Statement by Hon. David Kilgour at Press ConferenceRoom,
130-S Centre Block, House of Commons, Ottawa
October 3, 2007

Others today have properly focused on the terrible violence being done to peaceful monks and protesters for democracy across Burma.  

Aung San Suu Kyi is always more concerned about others than herself, including political prisoners, but she is one of the most admired and loved persons on earth. She is the renowned advocate for democracy and human dignity for all.  

We know she was allowed to meet the UN Envoy, Ibrahim Gamberi, at a government guest house the other day, but we don't know whether she is now being held in prison or at her home under house arrest, where she has been for most of the past 18 years. If anything happens to her, the world will never forgive the generals. We do know now that one at least of them was involved in the attempt on her life three years or so ago, which thankfully failed.  

One of the first things the MPs should do on returning to Parliament this month is to vote her unanimously to be an honourary citizen of Canada. That could give her a measure of additional protection. Perhaps the government could do it immediately by order-in-council without seeking a vote in the House because of the urgency of the situation. Many governments and parliaments around the world should be doing the same thing immediately to try to protect her and possibly others in the Saffron revolution.  

Are the governments of the world doing enough to indicate their concern about the conduct of the regime now and in the past? I don't think so.

 Govt of China in Bloody Burma

In closing, permit me to focus on the various attempts by the government of China to oppose the most recent efforts by the peoples of Burma to achieve the rule of law, democracy and national reconciliation. Its efforts to shore up the generals' junta have included:

Using its permanent veto at the UN Security Council to keep the ongoing Burma tragedy away from the Security Council agenda for more than 15 years.
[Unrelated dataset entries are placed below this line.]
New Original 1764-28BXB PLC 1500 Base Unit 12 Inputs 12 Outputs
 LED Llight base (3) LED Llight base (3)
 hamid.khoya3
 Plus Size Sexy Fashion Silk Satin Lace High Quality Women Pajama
When it finally reached the Council last November, the China representative worked hard to remove it quickly, while providing no help to the long-suffering peoples of Burma;

In January, it vetoed a Security Council resolution calling on the generals to cease persecuting minorities and opposition leaders;

Last week, it managed to prevent the Security Council from imposing sanctions of any kind on the junta or even condemning the use of force in Rangoon, allowing the Council only to express "concern"; and

Having its diplomatic envoy in Burma say after meeting the Foreign Minister there recently that Beijing wants "a democratic process that is appropriate for the country." The current government of China clearly opposes democracy in any country. The road to democracy under the generals is never-ending. The first of seven steps took fully fourteen years and produced a constitution which actually entrenched military rule.

As another Nobel Peace Prize winner, Jody Williams, pointed out last week, Beijing's longstanding support for the military junta includes modernizing their army and providing weapons valued at $1.4 billion. Its concern about what is happening in the country currently is really about how its role there might affect its Olympic Games.

In addition to the "Genocide Olympics" in respect of Darfur and the "Bloody Harvest Games" because of its treatment of Falun Gong practitioners, the world now has the   "Oppressed Burma Olympics" to ponder in deciding if it really wants to attend the Beijing games.